Friday, January 19, 2018

The Four Horsemen of the Apocalypse (Rex Ingram, 1921)

Alice Terry and Rudolph Valentino in The Four Horsemen of the Apocalypse
Julio Desnoyers: Rudolph Valentino
Marguerite Laurier: Alice Terry
Madariaga: Pomeroy Cannon
Marcelo Desnoyers: Josef Swickard
Etienne Laurier: John St. Polis
Karl von Hartrott: Alan Hale
Doña Luisa: Bridgetta Clark
Chichí: Virginia Warren
Otto von Hartrott: Stuart Holmes
Tchernoff: Nigel De Brulier
Lt. Col. von Richthosen: Wallace Beery

Director: Rex Ingram
Screenplay: June Mathis
Based on a novel by Vicente Blasco Ibañez
Cinematography: John F. Seitz
Art direction: Joseph Calder, Amos Myers
Film editing: Grant Whytock

Nobody reads that whopping bestseller of 1919, Vicente Blasco Ibañez's The Four Horsemen of the Apocalypse, anymore, but Rex Ingram's film version, adapted from the novel and shepherded through production by June Mathis, has helped keep it in print for a century.

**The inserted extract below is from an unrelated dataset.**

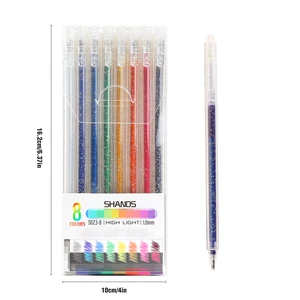 12 cái/18pcs Gel Gel Pen Set với 18 màu mực chắc chắn cho trẻ em màu sắc dành cho trẻ em, nhật ký, vẽ nghệ thuật, cuốn sách Doo 8 Canetos bán hàng chính với độ sáng - №8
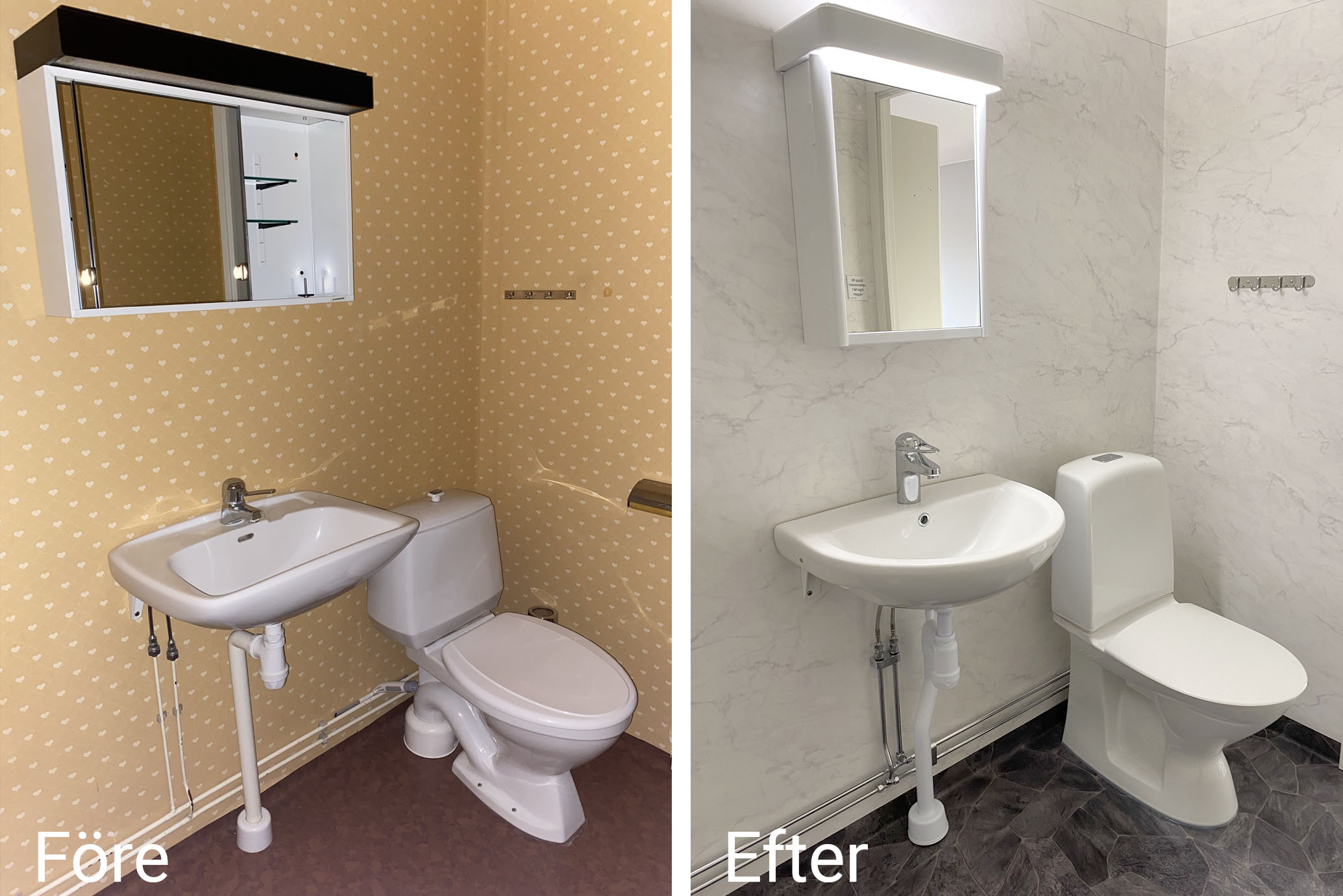 före och efter bild av badrumsrenovering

It's an impassioned reaction to the horror of World War I as well as the film that helped establish Rudolph Valentino -- who was discovered by Mathis -- as a superstar the moment he stepped onto the dance floor with Beatrice Dominguez for a sizzling tango. Granted, some aspects of Valentino's appeal have gone out of style: the flared nostrils and lowered eyelids and the oil-slicked hair that glistens like an LP record. But late in the film, when he appears with a few days' growth of beard, he could vie with any contemporary stubble-enhanced leading man. And he was not an inconsiderable actor, more than holding his own in a company of scenery-chewers. Just standing there, he had the quiet self-assurance of someone like Gary Cooper, an actor who draws the eye without begging for it. There is much that's preposterous about Ibañez's story, especially the mysterious Tchernoff, who lives in the attic above Julio Desnoyer's studio and descends at the start of the war to deliver a sermon about the four horsemen in the book of Revelation, illustrating it with Dürer's woodcuts. There are some characters and incidents brought over from the novel that could have been cut, like Julio's sister, Chichí, and the married couple across the way from Julio's studio, a Frenchman and a German woman. The latter falls to her death from her window after her husband marches off to war, a blatant symbolic moment. But Mathis's adaptation is on the whole solid, and John F. Seitz's cinematography makes the most of the expensive sets.